NEWS

Sinai terror group that may have downed Russian plane is a growing threat

Jim Michaels
USA TODAY

The terror group that claimed responsibility for downing a Russian airliner in Egypt last month is a little known affiliate of the Islamic State that has quietly but rapidly grown into a powerful regional threat.

A photograph made available by the Egyptian presidency shows Egyptian President Abdel Fattah al-Sisi, second from right, greeting tourists during a tour at Sharm el-Sheik airport in Egypt on Nov. 11, 2015. Al-Sisi vowed to enhance security in the country amid suspicions that a bomb caused the crash of a Russian passenger airliner in Sinai on Oct. 31.

Russia's Federal Security Service (FSB) said Tuesday that the plane was blown up by a homemade explosive device. FSB chief Alexander Bortnikov told Russian state media that "traces of foreign explosives" were found in debris recovered from the crash site. All 224 on board the plane were killed.

Russia: Homemade bomb brought down airliner over Egypt

Whether the group called the Sinai Province was responsible for downing the plane, as it claims, is not known, but the Sinai Province has emerged as an effective terror organization over the past few years.

“The group has really started to turn up the heat,” said Matthew Henman, head of IHS Jane's Terrorism and Insurgency Center.

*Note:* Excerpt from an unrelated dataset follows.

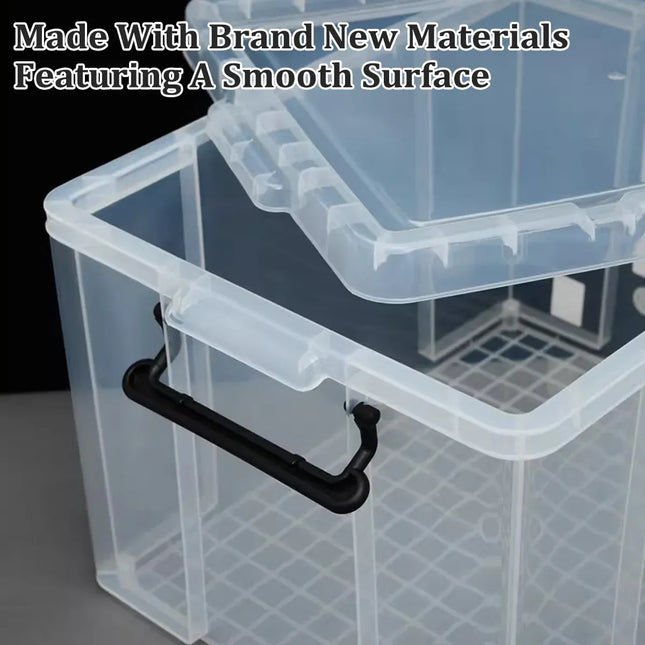 Clear Plastic Storage Box Stackable Large Capacity With Lid Handle Home Use - 61x43x35cm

It claimed responsibility for a July rocket attack that hit an Egyptian navy frigate in the Mediterranean Sea off the northern coast of the Sinai Peninsula. The group has  tried to seize territory in the Sinai Peninsula and launched car bombs in Cairo and elsewhere over the past couple of years, all signature tactics of  Islamic State militants.

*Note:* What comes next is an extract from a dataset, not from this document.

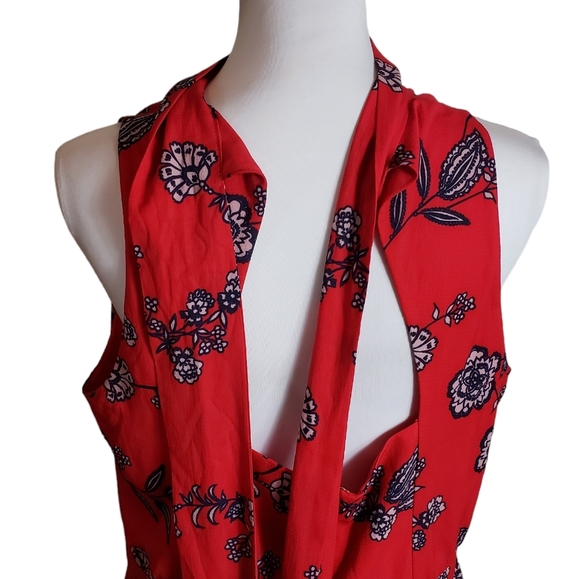 Eliza J Red Floral Print Mini Dress Size 14 Mock Neck Open Back Bow Feminine - Picture 8 of 15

“There hasn’t been anything as bad as Sinai (Province) ever,” said Shadi Hamid, an analyst at the Brookings Institution.

The group poses a major threat to Egypt's stability and its tourism industry, a major economic driver. To reassure visitors that the country is secure, Egyptian President Abdel Fattah al-Sisi made a surprise visit last week to the airport in the Red Sea resort of Sharm el-Sheik, where the doomed airliner's flight originated.

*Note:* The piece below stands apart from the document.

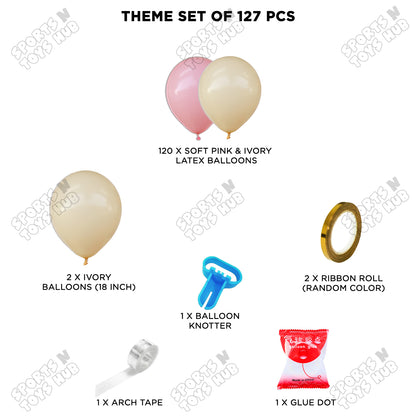 Soft Pink & Ivory Balloon Arch Garland Kit – 127 PCS Balloon Decoration Set with 18 Inch Balloons, Arch Tape, Ribbon, Balloon Knotter & Glue Dots for Baby Shower, Birthday, Bridal Shower, Wedding, Gender Reveal & Party Decorations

Sisi said his visit "aims to reassure people inside and outside Egypt,” according to the Associated Press. “We want people who come here to be secure and safe and to live and go back safely to their countries.”

Much of the Sinai Peninsula is a poor region neglected for years by the government, making it a ripe target for extremists who tap into local grievances. Tribal leaders are influential, and fundamentalism is a way of life in parts of the peninsula.

“It’s a just a natural pool from which to draw recruits,” said Hamid, author of Temptations of Power, a book about Islamist movements.

The Sinai Province was formed in 2011 or 2012, but emerged as a serious threat after the 2013 military overthrow of Egyptian President Mohamed Morsi, who was a member of the Muslim Brotherhood, an Islamic group that has since been outlawed by the new government.

Last year, the Sinai Province pledged allegiance to the Islamic State, which had succeeded in taking over large swaths of Iraq and Syria and claimed to be behind last Friday's terror attacks in Paris.

Sinai Province was among a number of terror groups around the world that wanted to affiliate with the Islamic State at the time, but not all of them were accepted into the larger fold. The Islamic State “was very selective in who it recognized,” Henman said.

The Sinai Province was welcomed by the Islamic State and has benefited from the militants' resources and expertise in bombmaking.

The Egyptian group had been known as Ansar Beit al-Maqdis, but changed its name to the Sinai Province when it affiliated with the Islamic State.

The government has struggled to counter the Sinai Province. Egypt’s army  responded in a “heavy-handed" way to its growth, further alienating the population, Hamid said. The military has been accused of punishing entire villages if residents are suspected of being sympathetic to the group.

Egypt’s military doesn’t have a presence in many remote parts of the peninsula and can’t protect ordinary citizens, which often forces people to cooperate with extremists who infiltrate towns and villages. The Egyptian government has started working with some tribes in the Sinai to try to turn them against the extremists.

That has helped, but modern counterinsurgency tactics require government forces or local defense groups to provide consistent protection so extremists can’t intimidate civilians.

“The Egyptian army doesn’t really know how to do counterinsurgency,” Hamid said.